As the month of May is close to its end, and most of us are already thinking of our summer vacations this year, this particular period of time also tends to leave us on the brink of sentimentality. And the reason why the end of May has such a bitter-sweet feel to it is because of Memorial Day. On the 30th of this month, Americans as a nation will have the opportunity to honor the memory of those men and women who have fallen in battle fighting for our country.

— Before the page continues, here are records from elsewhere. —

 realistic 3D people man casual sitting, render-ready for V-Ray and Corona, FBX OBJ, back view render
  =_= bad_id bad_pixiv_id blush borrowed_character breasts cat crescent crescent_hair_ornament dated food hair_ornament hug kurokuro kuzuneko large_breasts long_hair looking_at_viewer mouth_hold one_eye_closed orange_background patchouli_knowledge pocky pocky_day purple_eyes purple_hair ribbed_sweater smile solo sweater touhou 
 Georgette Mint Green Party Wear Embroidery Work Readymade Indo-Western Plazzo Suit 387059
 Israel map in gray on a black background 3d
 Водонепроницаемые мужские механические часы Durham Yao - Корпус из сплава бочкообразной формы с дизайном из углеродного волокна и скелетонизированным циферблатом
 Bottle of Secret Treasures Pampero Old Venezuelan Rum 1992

The wrathful roar of war transpires through our everyday lives as there is no way of escaping it. Even if someone has not been personally affected by the death of a soldier, we can still clearly see the marks of warfare with its unsettling echoes in our day-to-day life – when crossing paths with a neighbor, when at work, when passing the writing on a wall. And because this country’s armed forces – or better put, the notion of our country’s armed forces and what it means to fight for freedom is so deeply ingrained in our civil culture, it’s often hard for Americans to not make a habit of reliving in remembrance. Likewise, often enough, finding a natural balance between honoring those who have sacrificed themselves for this land and living our normal lives doesn’t come easy. When all is in the shadow of such morbid events, grief and the general disgust towards everyday trivialities may take us on a different path of self-destruction. Nonetheless, days like Memorial Day, on top of giving us the chance of remembering and honoring those who have given their lives while serving, is also a country-wide social outlet which allows us to compartmentalize, and helps us to – as much as humanly possible – not constantly live within the constraints of a cult of the dead.

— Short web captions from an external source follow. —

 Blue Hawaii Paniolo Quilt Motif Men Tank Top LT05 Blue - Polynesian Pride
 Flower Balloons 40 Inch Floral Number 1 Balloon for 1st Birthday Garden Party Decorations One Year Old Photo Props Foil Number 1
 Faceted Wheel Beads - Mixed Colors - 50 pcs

Because of the wide-spread cultural effect of over a century’s worth of military conflicts, it is indeed true that these battle field deaths are reflected in how we operate not only as a country, but also as individuals. From said perspective, at the Buy American Campaign, we admit that this mixture of sadness and pride is also present in our organizational culture, and that we never step back from standing up and speaking loudly for our soldiers, for those who have passed on the torch, as well as for those who keep it burning. We support our troops in various ways, but the thought we feel the need to communicate today is one of encouragement towards the general public.

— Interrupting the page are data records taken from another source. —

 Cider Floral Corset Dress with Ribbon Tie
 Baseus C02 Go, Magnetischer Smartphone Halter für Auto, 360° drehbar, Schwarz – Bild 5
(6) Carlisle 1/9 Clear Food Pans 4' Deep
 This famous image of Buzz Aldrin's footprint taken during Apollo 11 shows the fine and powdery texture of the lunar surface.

Thus, we encourage our readers to think about how much this country has lost – and will continue to lose – for the sake of our civil rights, for the sake of independence, for the sake of economic and political freedom; and to also think about how this is strongly connected to the way we live our lives at home, how we sustain and provide for ourselves and for our loved ones, what we choose to put on our table and on our backs. Yes, this is a call to action. Buy American-made products. Not everyone can – or should – sacrifice their lives for their country, but as long as we’re a part of it, we can and should make small sacrifices to help our local businesses, help our economy and help preserve our economic independence.
Regardless of what we do, what our political orientations are, or where we stand on the issue of war, we believe that if our Armed Forces will never let the U.S. die, it is our duty as American citizens to not let the U.S. economy die.